Good Treats Here
The kid is watching tv while building LEGO, the puppy is barking outside, and the husband is shouting at his computer which is shouting back at him, loudly, in the garage. I’ve turned off America’s Next Top Model and The Emerald podcast, stopped washing endless dishes before they were done, dried my hands, and walked down the hall, into the room I’m calling mine, shut the door, and seated myself with intent. Wow.
And now I’m sitting in the formerly white club chair, blanket on my lap, earplugs in. This is the spot. It’s on. I have forty minutes before my next thing and I was gonna pay bills but it’s been a week since I talked to you and it’s time. Past time, my friend and fan Jezelle chided me.
Even when I was single and childless and living alone, the hardest part of writing, for me, has always been sitting down. It’s especially hard on the days when it feels like perhaps there’s something that wants to burble up, to be let out of the pen, that I don’t want to feel. It’s not a good time to feel shitty or gloomy or suboptimal in any way right now, maybe next week or the week after or later this afternoon or never. How about never?

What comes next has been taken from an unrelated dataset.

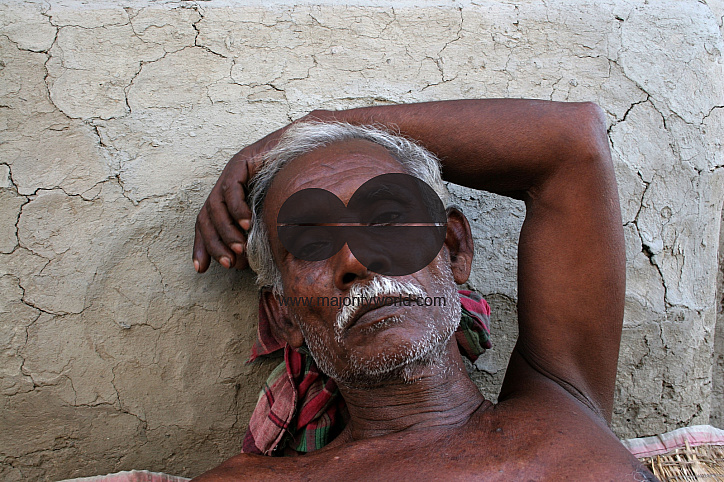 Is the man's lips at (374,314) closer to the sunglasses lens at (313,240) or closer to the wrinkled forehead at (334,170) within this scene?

There’s so much coming up with the holidays and the pandemic and some 1200 year cosmic cycle my astro-y friends are going mad about. It would be much more convenient for that stuff, those feelings, to stay down. Stay in.
Of course, been there, done that, didn’t work. I know that if I feel it, let it come, fully, and then move through it, there will be treats.
Like Brownie has taken to running up to me and sitting at attention, unrequested, because she’s pretty sure that’s how to get the treats, I’m going in, really looking at, some old emotional pain. That’s where the treats are. The relief comes after the feeling it.
I’d prefer, on some level, to keep watching Top Model and buying black leggings, watching stuff, buying stuff, doing stuff, eating stuff. Going for those not-as-good treats. Anything to not feel that stuff.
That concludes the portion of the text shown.